Athena membuka ponselnya. Melihat foto yang di post para sepupu, tante, paman bahkan orangtua nya di aplikasi instagram itu. Mereka tersenyum sangat bahagia dengan Aira yang berada di tengah. Senyuman yang seolah menjelaskan berapa bangganya mereka, senyuman yang tidak pernah Athena bisa berikan.

"Mama Papa bisa bahagia di sana, tapi Athena bahagia dimana ma, pa? Athena sudah melakukan semuanya. Harus apa lagi? Beritahu, jangan tinggalkan Athena sendiri. Ajar, supaya kalian tidak perlu mencari kebahagiaan di tempat lain. Athena anak kalian loh, bukan Aira." Ingin rasanya ia melempar ponselnya itu, namun ia masih sadar diri bahwa membahagiakan orang tuanya saja tidak bisa, ia tidak boleh menambah beban lagi.

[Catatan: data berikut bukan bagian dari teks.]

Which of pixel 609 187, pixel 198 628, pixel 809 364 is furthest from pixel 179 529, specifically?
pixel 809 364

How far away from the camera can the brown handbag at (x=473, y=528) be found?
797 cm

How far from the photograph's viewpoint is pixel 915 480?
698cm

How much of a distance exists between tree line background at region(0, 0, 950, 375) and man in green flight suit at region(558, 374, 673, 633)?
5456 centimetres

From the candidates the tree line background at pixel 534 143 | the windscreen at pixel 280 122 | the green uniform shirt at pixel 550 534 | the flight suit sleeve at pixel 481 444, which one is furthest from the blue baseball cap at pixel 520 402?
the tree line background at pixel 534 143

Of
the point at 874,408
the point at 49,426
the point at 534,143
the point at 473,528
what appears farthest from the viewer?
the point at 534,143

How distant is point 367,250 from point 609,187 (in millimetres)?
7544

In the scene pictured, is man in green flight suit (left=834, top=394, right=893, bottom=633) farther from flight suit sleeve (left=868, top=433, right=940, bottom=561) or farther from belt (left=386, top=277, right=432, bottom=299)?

Akhirnya, ia memilih berjongkok, memeluk kedua lututnya sambil menangis se kencang mungkin. Seperti yang biasa ia lakukan. Athena tidak punya tempat untuk menumpahkan semua keresahan nya itu. Semua temannya tau bahwa ia adalah sepupu Aira, si kebanggaan sekolah. Si kebanggaan keluarga. Mereka selalu membandingkan, memilih berteman dengan Aira karena Aira lebih segala-galanya. Semuanya tentang Aira.

✵✵✵

Athena terbangun dari tidurnya. Matahari telah memancarkan sinarnya. Seperti biasa, ia akan bangun sendiri. Turun ke bawah, ia menemukan keadaan rumah yang kembali sepi. Ini hal yang wajar, kecuali satu. Kenapa Deo ada di sini? Yah mungkin bisa di bilang wajar, ini akhir pekan. Tapi biasanya bahkan akhir pekan Deo tetap betah di apartemen nya sendiri, atau menikmati liburan bersama temannya.

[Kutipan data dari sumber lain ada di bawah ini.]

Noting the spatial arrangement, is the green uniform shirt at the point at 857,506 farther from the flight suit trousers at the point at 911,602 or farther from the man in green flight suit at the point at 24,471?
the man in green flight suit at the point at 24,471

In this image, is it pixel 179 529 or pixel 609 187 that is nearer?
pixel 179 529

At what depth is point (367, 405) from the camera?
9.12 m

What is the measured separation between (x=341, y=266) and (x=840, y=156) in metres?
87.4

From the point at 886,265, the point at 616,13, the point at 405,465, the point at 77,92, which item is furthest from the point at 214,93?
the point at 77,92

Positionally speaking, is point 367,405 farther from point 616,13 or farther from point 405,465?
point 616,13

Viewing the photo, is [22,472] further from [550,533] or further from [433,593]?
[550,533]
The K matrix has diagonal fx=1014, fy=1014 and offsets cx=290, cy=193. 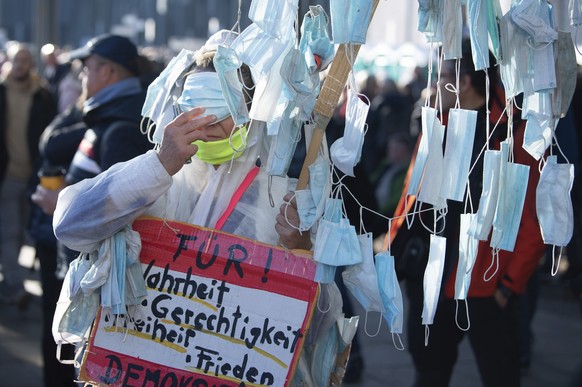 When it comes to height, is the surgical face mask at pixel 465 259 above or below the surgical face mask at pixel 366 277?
above

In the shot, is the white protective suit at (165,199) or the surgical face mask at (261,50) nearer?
the surgical face mask at (261,50)

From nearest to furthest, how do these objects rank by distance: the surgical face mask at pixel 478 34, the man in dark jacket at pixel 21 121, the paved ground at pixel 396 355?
the surgical face mask at pixel 478 34, the paved ground at pixel 396 355, the man in dark jacket at pixel 21 121

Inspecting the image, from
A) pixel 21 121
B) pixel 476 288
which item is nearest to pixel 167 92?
pixel 476 288

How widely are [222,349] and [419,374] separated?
1.81 metres

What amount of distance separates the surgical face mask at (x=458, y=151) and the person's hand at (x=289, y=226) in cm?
42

Merasakan keberadaan sang adik, Deo melirik sekilas, lalu kembali fokus pada televisi di depannya. "Bang, kok pulang?" tanya Athena saat telah berada di depannya. Pertanyaan retoris. Deo memilih untuk tidak menanggapi pertanyaan itu. Ia menarik tangan Athena, mengambil ikat rambut di pergelangan tangan wanita itu lalu mengikat rambut se punggung milik sang adik.